When 63.3 per cent of Nigerians are begging the Central Bank to cut interest rates, and the CBN’s own survey shows those same Nigerians think inflation is getting worse, something has gone badly wrong. The Monetary Policy Committee meets May 19 and 20 in what has become a familiar routine: gather, talk, and reach for the only tool the committee ever uses.
The trouble is that tool is not fixing anything.
Nigeria’s inflation is not happening because people have too much money to spend. Anyone who has bought fuel, paid a transporter, or tried to move goods from one state to another already knows this. Prices are high because energy is expensive, roads are bad, the naira remains weak, and farmers in large parts of the country cannot work safely. None of those problems cares about the policy rate.
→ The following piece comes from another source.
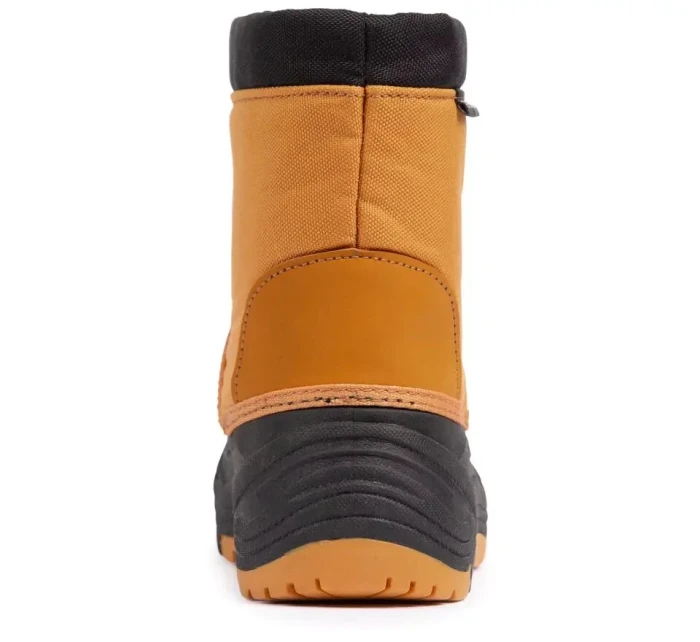 Dětská zimní obuv Unisex model 21280204 - Trespass Dětská zimní obuv Unisex model 21280204 - Trespass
The CBN has spent the better part of two years raising and holding interest rates to fight an inflation that higher rates were never going to beat.
The data is starting to show the damage. Nigeria’s business activity index fell into negative territory in April, dropping from 53.2 to 49.4 points. That means businesses are slowing down. Loans are too expensive to take. Small businesses, which employ most working Nigerians, are being quietly strangled. The CBN’s own April survey found that micro businesses reported the highest inflation pain of any group at 69.9 per cent. These are the corner shops, the small manufacturers, the traders. There is no hedge available to them when borrowing costs are this high.
The MPC will almost certainly keep the MPR at 26.5 per cent when it announces its decision after the May 19 and 20 meeting. That call will be presented as responsible and steady. But holding a position that is not working is not steadiness. It is stubbornness dressed up in policy language.
The real issue is what has gone undiscussed while rate decisions eat up all the attention. The CBN’s own survey named the actual drivers of inflation clearly: energy costs, transport, the exchange rate, infrastructure. The MPC’s interest rate lever touches none of those. Fixing Nigerian inflation requires cheaper power, better roads, agricultural investment that reaches the people who grow food, and a government that does not flood the economy with cash every time an election approach. That is a harder conversation. It involves more than one ministry and more than one quarterly meeting.
Keeping rates where they are may be the least bad option for now, given that an election cycle is approaching and government spending is set to rise. But the problem with the expected decision is not the number itself. It is the pretence that the current approach is a strategy rather than a holding pattern.
Nigeria’s economy needs more than a committee meeting every two months. It needs someone to finally say out loud that the framework is not enough, and start working on what is.